Global issues closer to home than we think

THE latest figures show the rate of forest clearance in the Amazon last year was the second highest on record.

The loss was equivalent to the size of Belgium. A further distressing statistic shows that, since 1997, up to 69,172 sq miles of rainforest have disappeared in Brazil, an area equivalent to 78% of the size of Britain.

In 1997, the amount of forest lost was just over 5,000 sq miles against 10,088 sq miles in 2004.

Deforestation is happening at an alarming rate, and the reason for the rush to chop down the forest is to grow soya beans for cattle feed.

To put the figures in context, Brazil has over 1.6 million square miles of rain forest, which is over half of the country's land area, and views are passionate on the merits or otherwise of this onslaught.

To conservationists, this is a crime against humanity.

The rain forest is seen as the lungs of the world because its trees produce so much of the world's oxygen.

One culprit was identified for this rape of the forests in a major exposé carried out by the London Independent.

The man in question is Blairo Maggi, a millionaire farmer who is driving Brazil's soya bean production boom. In commercial circles, he is benignly know as the King Of Soy but environmentalists have counter-dubbed him the King of Deforestation.

However, we in Europe cannot rush to judgement on Senor Maggi. Why? Because over 60% of the soya exported by Brazil is going to fatten European beef.

Since the BSE scare, farmers and beef producers have been forced to find alternative feed for livestock to produce the beef we consume.

On that basis, if we take the rain forest issue as seriously as global warming, then it can be argued that eating beef has become not just a health risk, but a huge moral issue as well.

So in future, every time we put a forkful of soya-fed beef in our mouths, we might have a twinge of conscience about the implications of that act for Brazil's rain forests.

This is a huge dilemma for Brazil and for the rest of the world. Brazil's president is stuck between the need to preserve the rain forest while at the same time endeavouring to do all in his power to develop the Brazilian economy that has suffered years of depression.

His major difficulty is that, after introducing tough fiscal policies, the economy grew last year by 5.2% but that growth is inextricably linked to the devastation of the country's forests.

How we create wealth through economic growth without doing damage to the environment or to others is becoming a huge dilemma.

Global warming was one of the other huge issues of our time that the G8 Summit in Gleneagles had great difficulty coming to terms with last week.

It agreed, however, that the more we push for growth, the more we are contributing to global warming at least that much was acknowledged.

The promised $25 billion boost in annual development aid to $50bn by the G8 last week led some activists to conclude the rich world was still not committed to the real steps needed to end African poverty.

That doubling of aid is due to take place over the next five years.

Meanwhile, one of the very real issues for Africa is the subsidies paid to the food sector by the US and Europe.

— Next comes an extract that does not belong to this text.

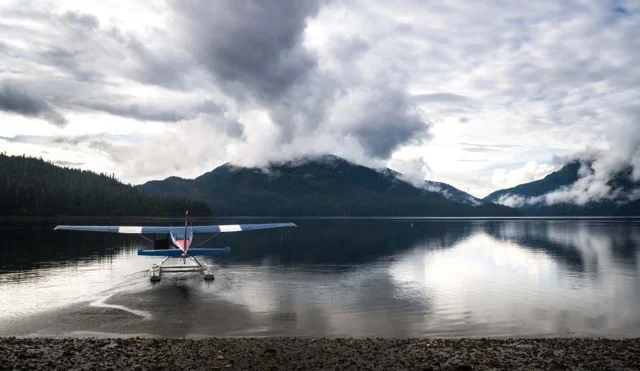 Jacques, flying our float plane far away. PC: Nathan Kelley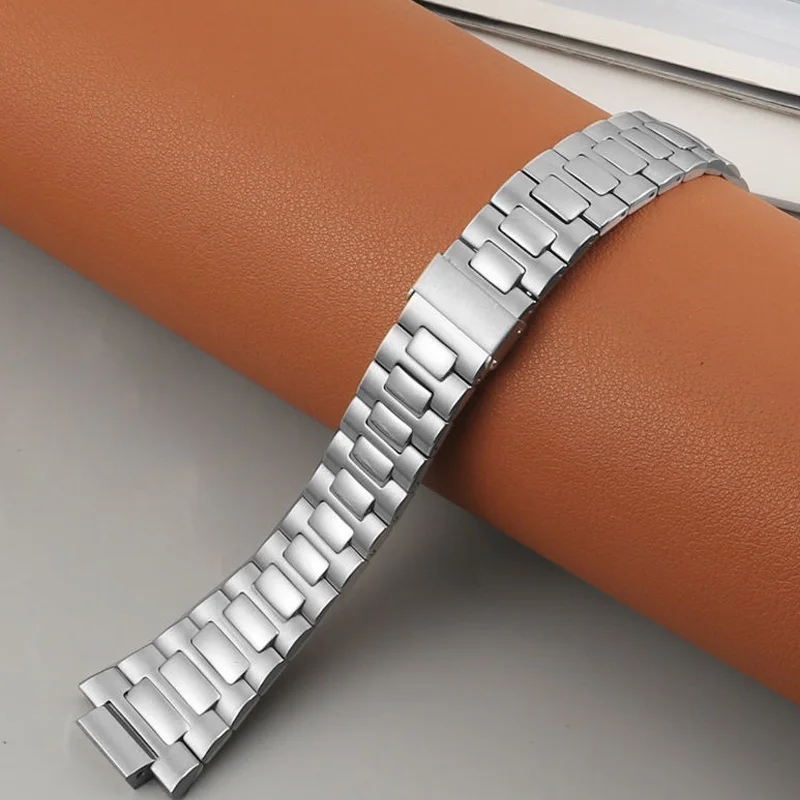 High end watch band for Baida Nautilus 5711/1A010 solid stainless steel watch belt accessories convex interface 25*13mm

The $50bn aid promised to Africa per year is roughly similar to the EU's annual farm subsidy Budget which allows farmers produce goods for more than they can sell them on the open market.

With EU aid, they can dump products in poor countries across the world, depriving millions of an even modest living standard in the process.

These conflicts hammer home that every cause has an effect, that every subsidy probably costs a life, and that every steak eaten has ecological consequences.

These are huge issues and they are much closer to home than is often realised.